Problem statement >> An exact repeat is needed of the lines from the one with "Neptune postage by minjean Neptune postage" through the last line of the data below. Please omit the pictures.

Available data >>
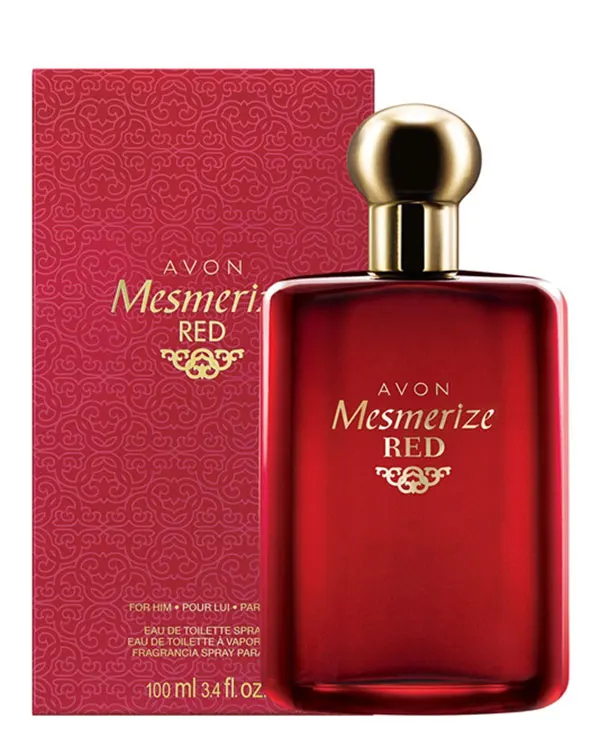 Avon Mesmerize Red мужской парфюм Туалетная вода 100 мл.|Дезодоранты и антиперспиранты| |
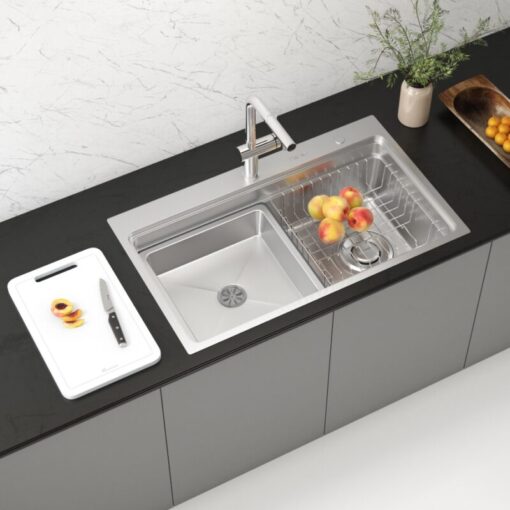 Chậu rửa bát KONOX KN8048TS DEKOR - 13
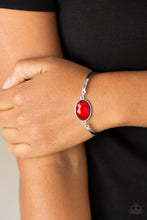 Load image into Gallery viewer, Definitely Dashing - Red Rhinestone Bracelet Paparazzi
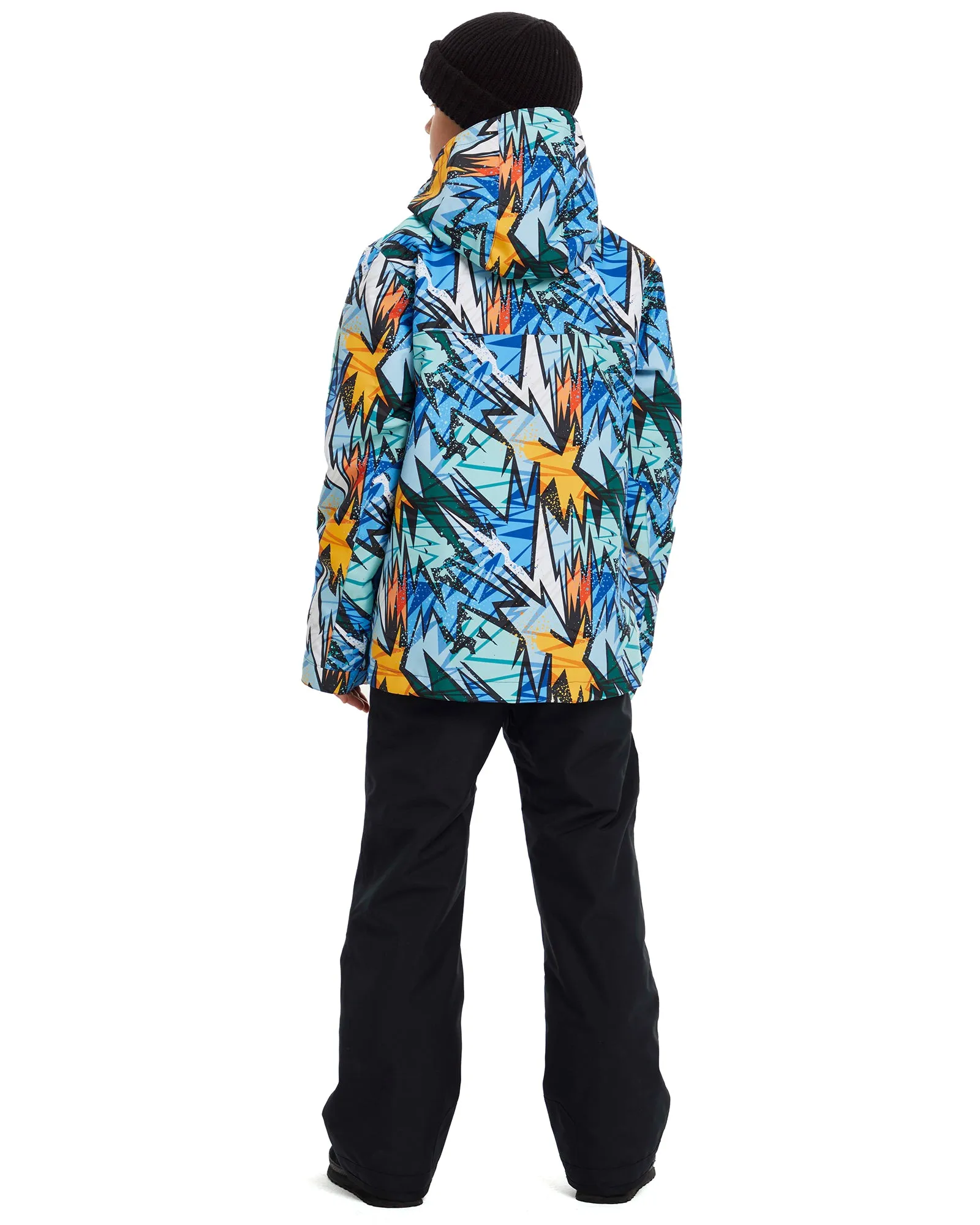 TOMMY JACKET - RETRO FREEZE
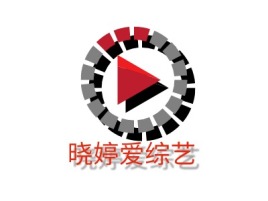 晓婷爱综艺logo标志设计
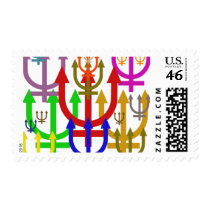 Neptune postage by minjean Neptune postage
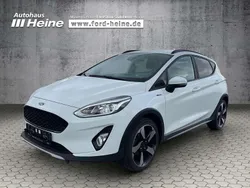 Frostweiß Gebraucht 2020 Ford Fiesta Active Kleinwagen | 14.750 € (Fairer Preis)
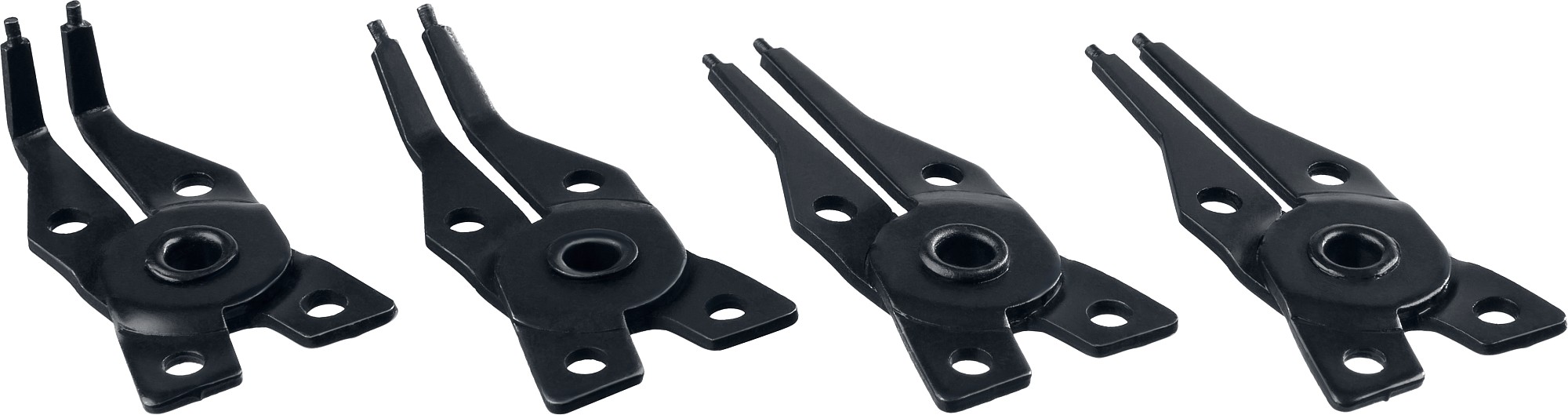 ЗУБР 4-в-1, 4 насадки, съемник стопорных колец (2283) — фото 3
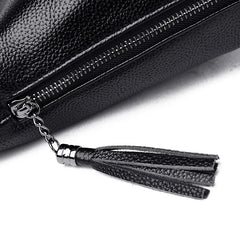 Women's Crossbody Bag Flap Leather Shoulder Bag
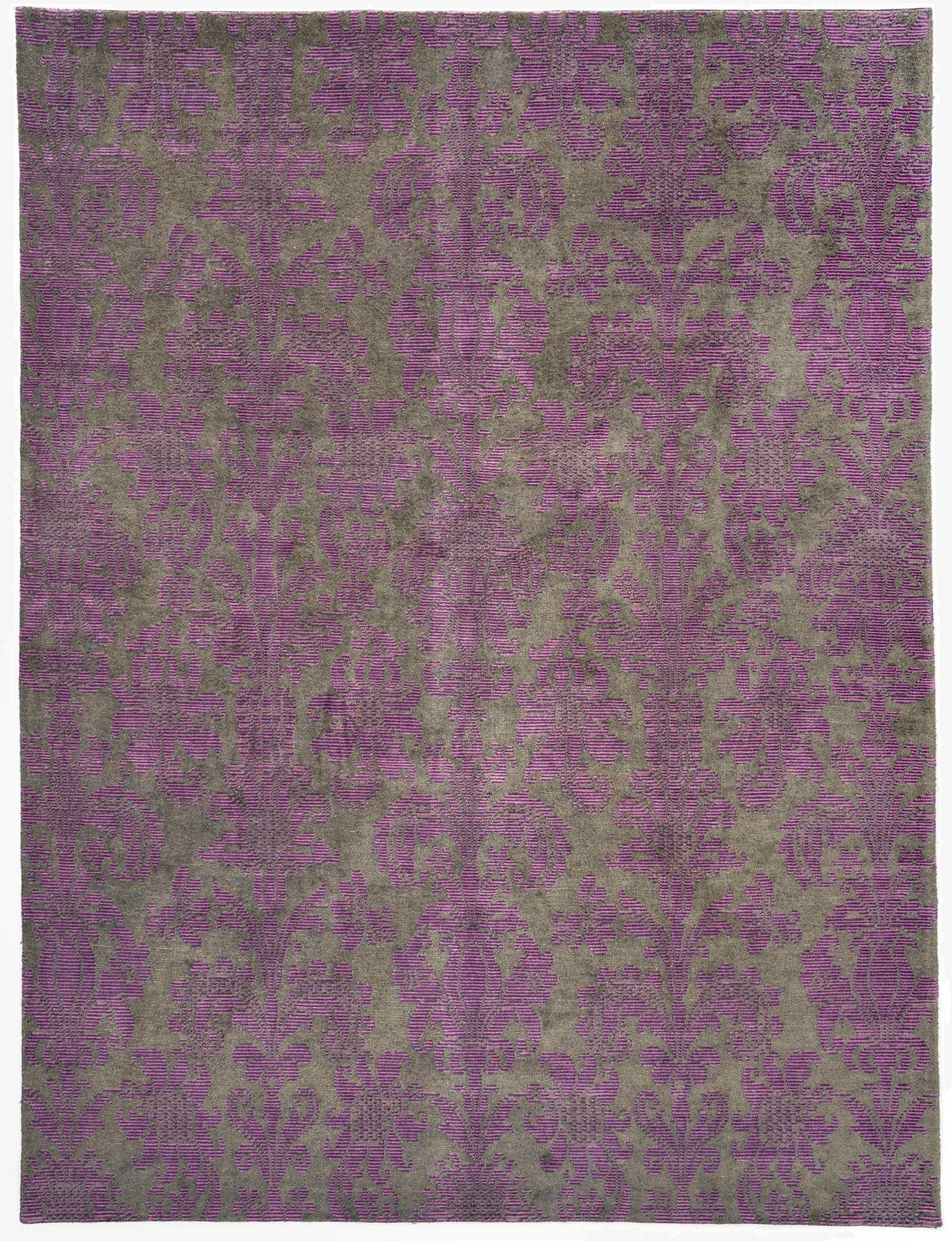  7' 9 x 9' 11  Hand Knotted Modern Nehmo Rug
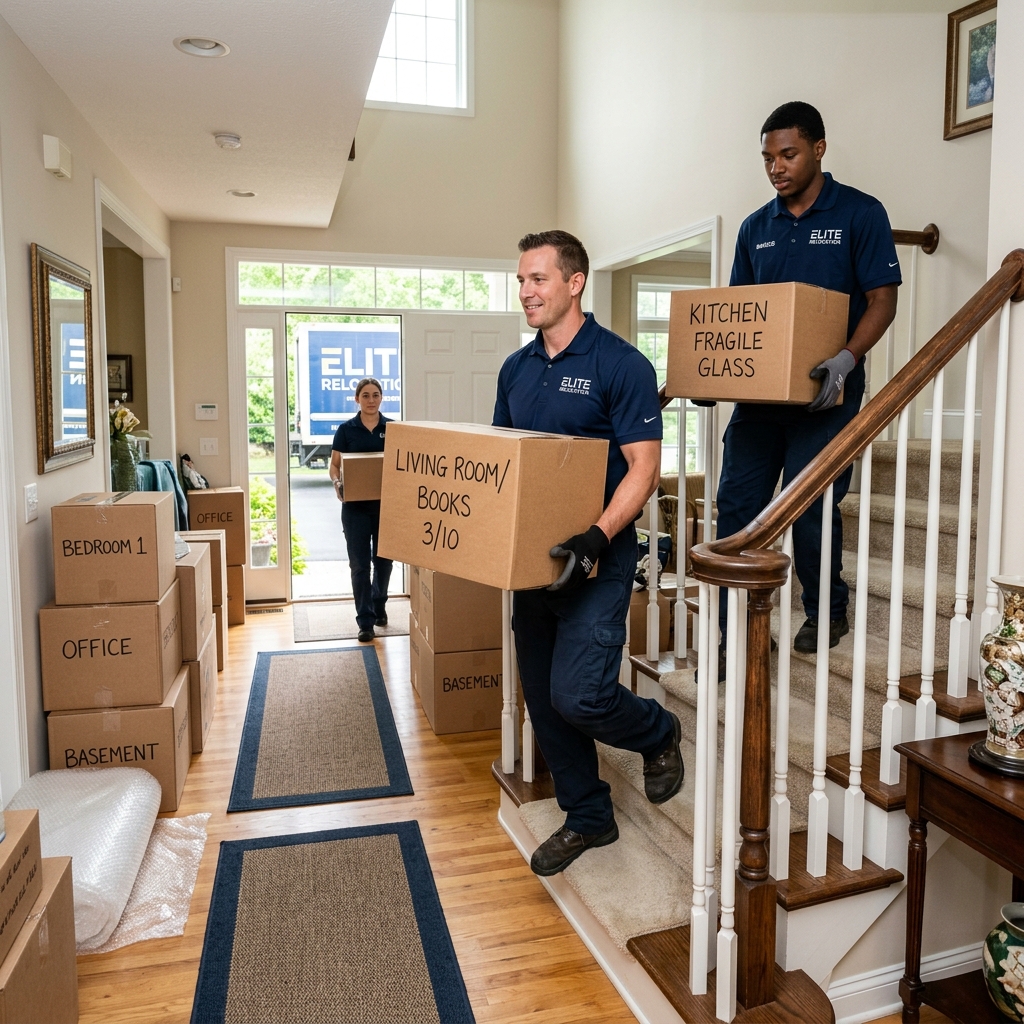 Residential Moving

Finished task >>
 Neptune postage by minjean Neptune postage
 Frostweiß Gebraucht 2020 Ford Fiesta Active Kleinwagen | 14.750 € (Fairer Preis)
 ЗУБР 4-в-1, 4 насадки, съемник стопорных колец (2283) — фото 3
 Women's Crossbody Bag Flap Leather Shoulder Bag
  7' 9 x 9' 11  Hand Knotted Modern Nehmo Rug
 Residential Moving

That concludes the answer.